------ Exercise inputs ------
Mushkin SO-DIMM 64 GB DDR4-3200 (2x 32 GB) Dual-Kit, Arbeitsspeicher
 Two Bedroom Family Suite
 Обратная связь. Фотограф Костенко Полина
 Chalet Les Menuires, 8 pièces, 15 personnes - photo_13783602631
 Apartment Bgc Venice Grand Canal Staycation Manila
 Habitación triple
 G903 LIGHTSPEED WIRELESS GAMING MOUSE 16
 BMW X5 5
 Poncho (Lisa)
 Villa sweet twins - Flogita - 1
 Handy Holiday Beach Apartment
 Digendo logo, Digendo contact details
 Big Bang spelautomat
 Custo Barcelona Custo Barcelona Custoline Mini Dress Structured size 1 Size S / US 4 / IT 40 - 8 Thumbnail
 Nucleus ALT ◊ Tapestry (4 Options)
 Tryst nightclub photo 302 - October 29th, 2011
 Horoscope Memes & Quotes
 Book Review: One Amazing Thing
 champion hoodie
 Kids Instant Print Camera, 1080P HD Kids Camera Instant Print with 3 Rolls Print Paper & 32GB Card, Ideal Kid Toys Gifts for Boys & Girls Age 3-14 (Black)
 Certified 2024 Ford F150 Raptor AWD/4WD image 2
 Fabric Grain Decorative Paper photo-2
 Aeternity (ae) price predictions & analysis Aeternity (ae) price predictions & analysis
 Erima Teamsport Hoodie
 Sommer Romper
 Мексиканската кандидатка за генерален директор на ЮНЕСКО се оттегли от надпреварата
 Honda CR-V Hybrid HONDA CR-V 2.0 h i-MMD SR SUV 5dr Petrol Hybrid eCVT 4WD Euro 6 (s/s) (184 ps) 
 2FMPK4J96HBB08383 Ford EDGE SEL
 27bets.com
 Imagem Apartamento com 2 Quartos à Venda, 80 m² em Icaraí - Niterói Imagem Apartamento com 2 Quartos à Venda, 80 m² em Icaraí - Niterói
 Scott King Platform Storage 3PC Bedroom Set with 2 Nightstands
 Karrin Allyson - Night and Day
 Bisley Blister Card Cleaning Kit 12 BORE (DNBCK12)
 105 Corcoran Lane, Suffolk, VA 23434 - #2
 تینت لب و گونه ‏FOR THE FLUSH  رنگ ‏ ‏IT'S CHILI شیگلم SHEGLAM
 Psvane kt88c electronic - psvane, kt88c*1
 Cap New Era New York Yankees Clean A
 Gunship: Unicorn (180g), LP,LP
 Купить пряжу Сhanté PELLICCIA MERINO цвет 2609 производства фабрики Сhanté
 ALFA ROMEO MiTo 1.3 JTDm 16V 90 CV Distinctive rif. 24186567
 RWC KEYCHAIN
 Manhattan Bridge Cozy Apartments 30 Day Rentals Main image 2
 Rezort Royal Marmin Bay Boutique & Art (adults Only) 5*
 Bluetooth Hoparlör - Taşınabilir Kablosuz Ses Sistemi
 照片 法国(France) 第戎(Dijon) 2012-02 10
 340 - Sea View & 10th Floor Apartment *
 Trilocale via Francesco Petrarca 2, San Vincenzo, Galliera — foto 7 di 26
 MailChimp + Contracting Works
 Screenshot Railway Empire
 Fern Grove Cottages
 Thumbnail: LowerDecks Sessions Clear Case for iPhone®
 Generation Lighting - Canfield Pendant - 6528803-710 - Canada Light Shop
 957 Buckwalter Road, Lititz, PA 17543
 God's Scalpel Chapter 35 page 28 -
------
> [Directions for this task]:
The range runs from the line above containing "Bisley Blister Card" to the line containing "Gunship: Unicorn (180g), LP,LP", inclusive. Restate those lines word for word and no others.

> [Finished task]:
 Bisley Blister Card Cleaning Kit 12 BORE (DNBCK12)
 105 Corcoran Lane, Suffolk, VA 23434 - #2
 تینت لب و گونه ‏FOR THE FLUSH  رنگ ‏ ‏IT'S CHILI شیگلم SHEGLAM
 Psvane kt88c electronic - psvane, kt88c*1
 Cap New Era New York Yankees Clean A
 Gunship: Unicorn (180g), LP,LP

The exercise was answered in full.